I shrugged. “None of my business.”

“Maybe it is,” she said. “Maybe it relates to Daniel’s case. Maybe you can use it. I mean, he really does hate drugs. What they do to people. Despises drug dealers. You should probably know, so you can judge. I doubt Daniel would tell you.”

I nodded. “Okay.”

She nodded and stared off toward the river. The Connecticut’s a big broad river out there in the valley. It flows slow and deep through the old tobacco bottom land. It’s not a trout stream, but bass and pike live there, and shad push up from the ocean every spring to spawn, and just looking at it gave me the urge to go fishing.

“He saved my life,” said Cammie softly.

“Daniel?”

“Yes. I was this overachiever from a little mountain town outside of Knoxville. The youngest of eight. I had four sisters and three brothers, two of whom got killed in Vietnam. My momma sang choir in the Baptist church. So did I. One of my teachers got me into Smith College on a scholarship. I was going to be a great artist.” She glanced at me and smiled softly. “I wasn’t ready. I was homesick, I was over my head academically, I had no friends.
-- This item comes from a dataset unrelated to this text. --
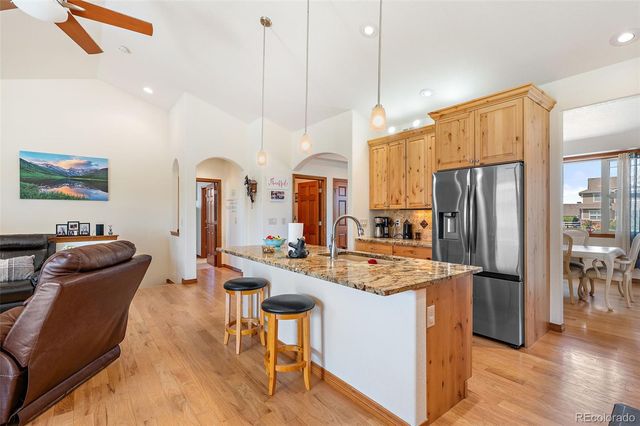 6684 E 162nd Avenue, Brighton, CO 80602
I made some bad acquaintances.” She shrugged. “Three months after I started my freshman year I was hooking in Springfield for coke money, living with a pimp, scared to death. Daniel found me and brought me here. I was eighteen. He got me straightened out. We lived in a trailer for a while. Eventually Daniel built me a studio and told me to just paint and cherish my life.”

“What happened to the pimp?”

“I don’t know.” She shrugged. “This all happened years ago. I used to wake up from dreaming that he’d come for me. I haven’t had that dream in a while.”

“What about that policeman?”

“Oakley?”

I nodded.

“Well, he was the one who arrested Daniel, of course. Oakley’s had it in for us from the start.”

“How do you mean?”

Cammie gazed out at the river. “Small things,” she said. “A ticket for parking in a handicapped zone, when the tire was barely touching the line. He stopped Daniel once in the middle of the afternoon, made him get out of the car and go through a bunch of drunk-driving exercises right beside the road, with all our neighbors driving by to watch. Oakley keeps showing up in the supermarket or the post office or the drugstore when I’m there, just kind of watching me with this spooky smile on his face. I’ll turn around, and he’ll be there, looking at me.” She shrugged. “I don’t know. It’s no one thing. Maybe we’re just paranoid about Oakley. It’s a small town…”

“Are you afraid of him?”

Cammie closed her eyes for a moment. When she opened them, she turned to look at me and said, “Yes. I guess I am. Daniel’s not afraid of him. But he worries about me. And now this…”

“The arrest.”

She nodded.

We fell silent for a minute. Then I said, “Was Daniel growing marijuana when you met him?”

“Yes. He has this terrible raw, weeping rash on his back. From the Agent Orange. He doesn’t talk about his pain, and when you’re with him you’d never know how miserable he is.”